Base lexers should conform to the
[interface expected by Nearley](https://nearley.js.org/docs/tokenizers#custom-lexers).
Nearley doesn't fully specify how token streams are terminated, but we assume
moo-like behavior and specify that wrapped lexers must return `undefined` from
`next()` when there are no further tokens.

Tokens from the `next()` method of the base lexer must be objects with the
Nearley-specified `value` field, but there are no other requirements under the
default configuration. If custom `options.controlTokenRecognizer()` or
`options.buildToken()` functions are specified, tokens must additionally be
acceptable to them.
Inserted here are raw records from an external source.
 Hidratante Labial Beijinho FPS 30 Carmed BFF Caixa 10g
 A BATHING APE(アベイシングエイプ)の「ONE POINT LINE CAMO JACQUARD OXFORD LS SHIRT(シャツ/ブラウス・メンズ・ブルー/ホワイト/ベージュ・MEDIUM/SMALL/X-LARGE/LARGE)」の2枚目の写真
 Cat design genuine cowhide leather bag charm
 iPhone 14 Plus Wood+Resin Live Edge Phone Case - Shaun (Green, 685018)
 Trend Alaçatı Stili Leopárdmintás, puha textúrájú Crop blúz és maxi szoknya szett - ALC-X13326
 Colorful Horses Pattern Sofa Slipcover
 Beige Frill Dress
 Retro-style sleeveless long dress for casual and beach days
The default control token recognizer requires only a `value`
field and the default token builder requires only that base tokens are objects.

## Extras

- `IndentifyLexer.ConsistentIndentEnforcer` - a line listener, suitable to
  provide to `options.lineListeners`, that enforces consistent indentation
  between lines.

  "Consistent" here means that the string indent prefix of contiguous non-empty
  lines at the same numerical indent level are the same string, the indent
  prefix of indented non-empty lines are prefixed by the indent prefix of the
  previous less-indented non-empty line, and the indent prefix of dedented
  non-empty lines forms a prefix of the indent prefix of the previous
  more-indented non-empty line.